Basta mettere in fila i fatti per evidenziare le incongruenze. Il 6 febbraio, il quotidiano britannico Guardian ha scritto che la società israeliana aveva rescisso i contratti con l’Italia a causa delle violazioni delle norme d’uso. L’articolo era uscito poco dopo la notizia che oltre a quelli di alcuni attivisti per i diritti dei migranti, fosse stato messo sotto controllo anche il cellulare di Francesco Cancellato, direttore di FanPage – la testata che ha realizzato – tra l’altro – l’inchiesta sui giovani di Fratelli d’Italia.
Paragon Solutions vende i suoi spyware solo a governi o agenzie governative di paesi democratici e possono essere usati solo per inchieste per reati importanti come terrorismo. Nessuna fonte governativa smentisce l’articolo del Guardian. Il 12 febbraio, una settimana dopo, il ministro Ciriani va alla Camera e afferma che i contratti con Paragon sono in funzione e che i servizi di intelligence non hanno spiato alcun giornalista.

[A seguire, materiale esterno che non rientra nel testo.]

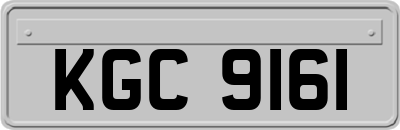 KGC9161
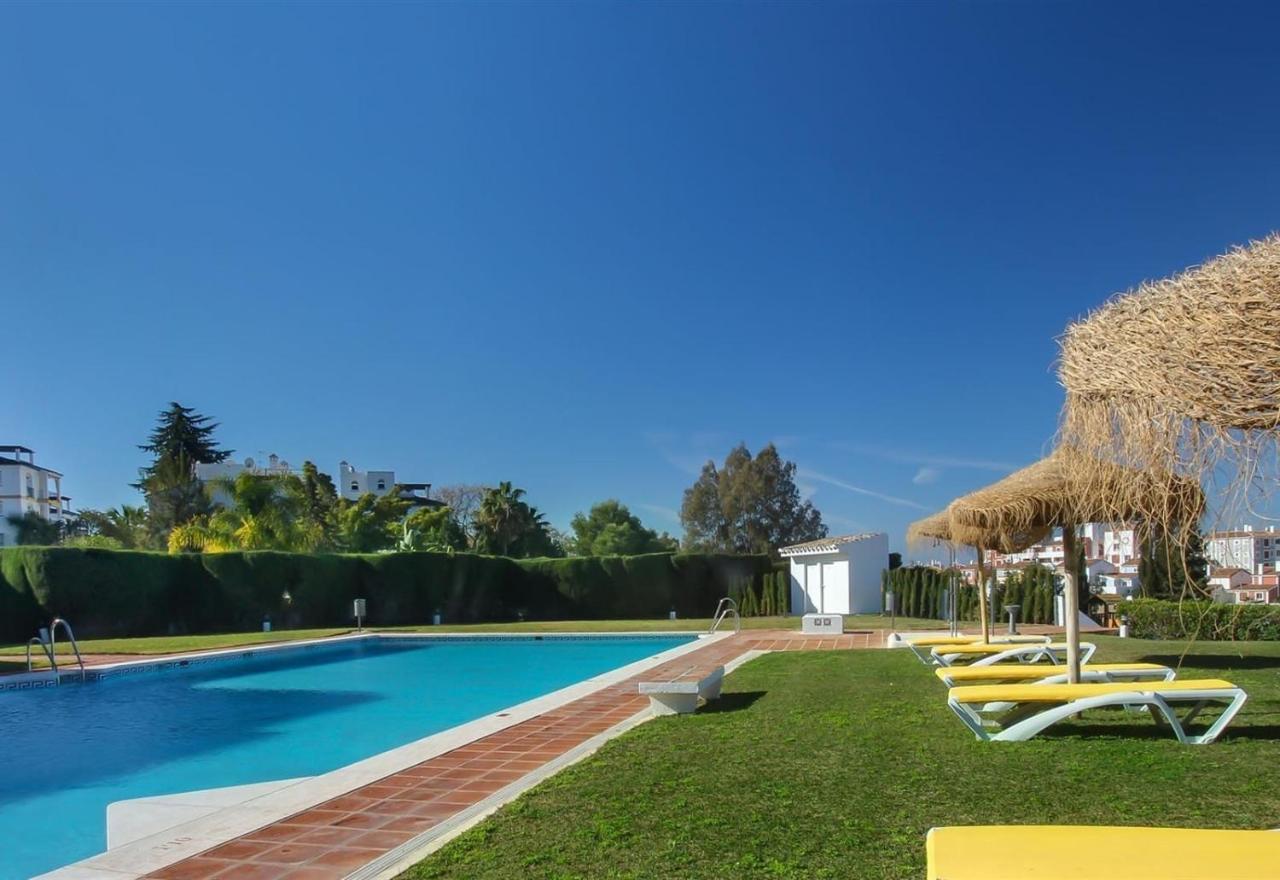 Casa Eucalyptus Family Home Estepona Extérieur photo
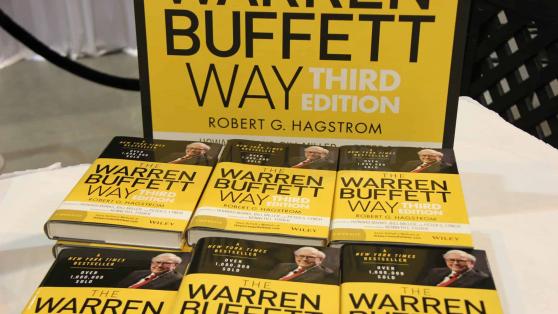 Warren Buffett hat gerade mehr als 2.000 % Gewinn realisiert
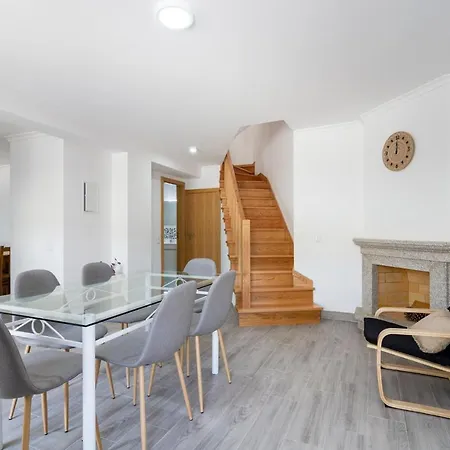 Tatil Evi Casa Domingas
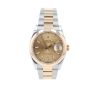 Rolex Datejust Pre Owned Watch Ref 126203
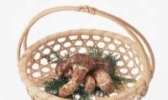 赤城松蘑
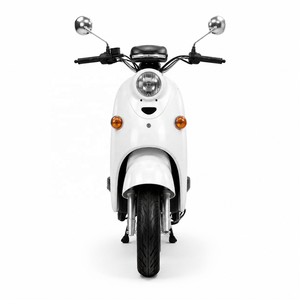 STARGO NINJA 1000W 1500W Scooter Retro <span class=keywords><strong>de</strong></span> Calle 72V Alta Velocidad 70km/h Freno <span class=keywords><strong>de</strong></span> Disco Delantero Neumático <span class=keywords><strong>de</strong></span> Vacío para Adultos Certificado EEC COC - Product Image 5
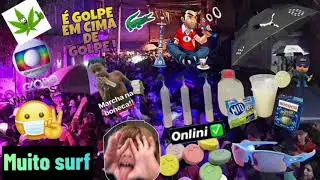 SET FUNK CONSCIENTE AS MAIS TOCADAS DO FIM DO ANO (2020 - 2021)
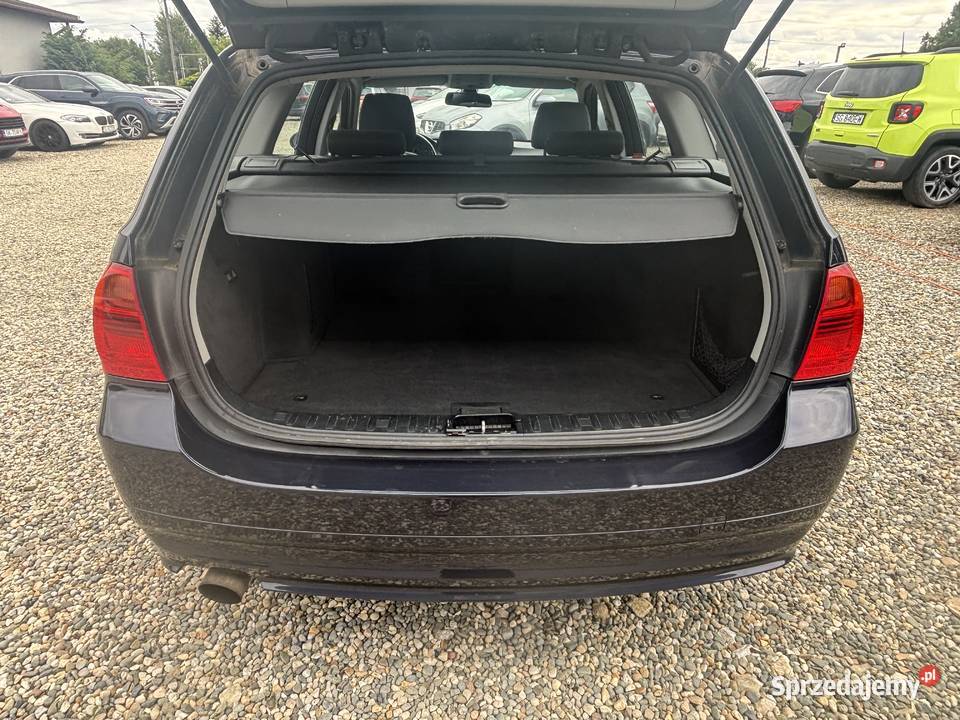 BMW seria 3 CD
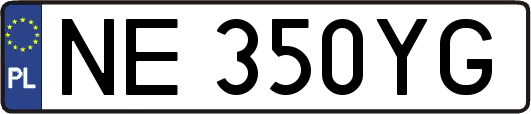 NE350YG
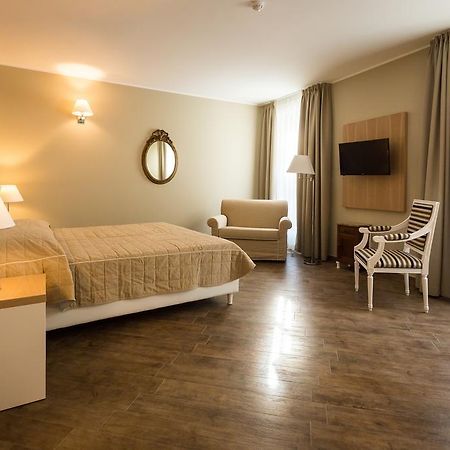 Hotel Monteverde Acqui Terme Zewnętrze zdjęcie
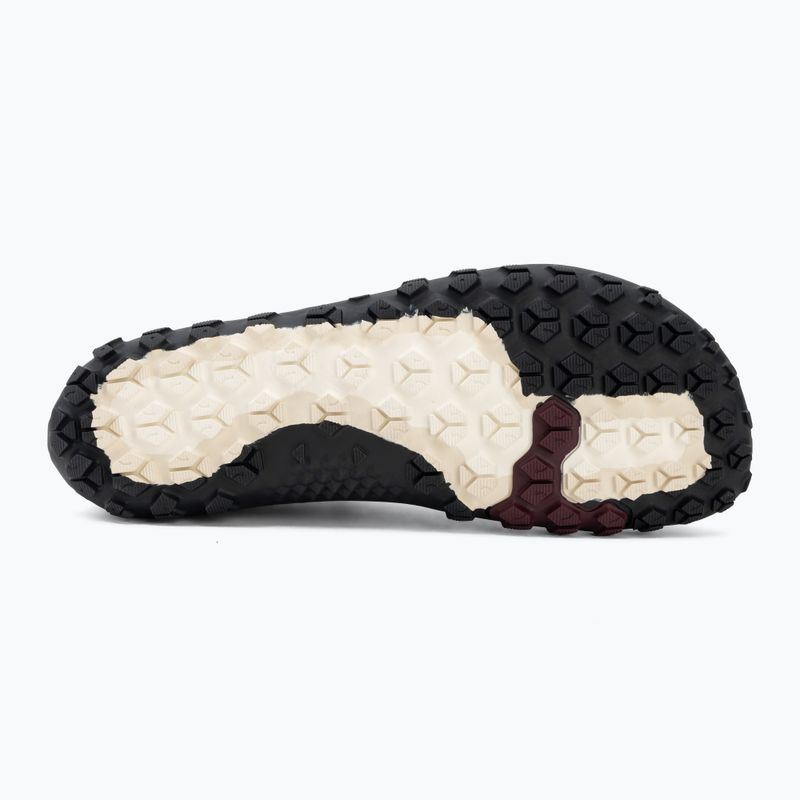 Încălțăminte barefoot pentru bărbați Vivobarefoot Tracker Leather Low II Suede fig 4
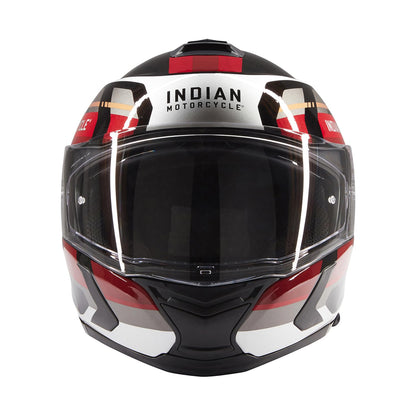 Indian Motorcycle Modular Freeway Helmet, Multi - XL - 286465009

Il 13 febbraio, il giorno dopo, Radio Popolare intervista Stephanie Kirchghessner, la giornalista del Guardian che ha fatto esplodere il caso Paragon la quale conferma ciò che ha scritto: i contratti sono stati rescissi, contraddicendo così la versione del ministro Ciriani.
Nella serata del 14 febbraio, l’Ansa dirama una nota, una velina dell’intelligence, secondo cui è stato deciso insieme alla Paragon Solutions di sospendere l’utilizzo degli spyware. Nella nota non c’è la parola contratti e non specifica da quando sia stato sospeso l’utilizzo. Da quel giorno o da prima? La nota rimane sul vago.
Il governo deve chiarire anche questo aspetto. Il governo deve ancora dire quale forza di polizia ha avuto in uso lo spyware. Matteo Renzi ed Enrico Borghi, Italia Viva hanno chiesto alla polizia penitenziaria del perché non abbia ancora smentito di averlo avuto in dotazione. La polizia penitenziaria dipende dal DAP, i cui responsabili politici sono il sottosegretario Andrea Delmastro, Fratelli d’Italia, uomo molto vicino a Giorgia Meloni, e in ultima istanza il ministro Nordio.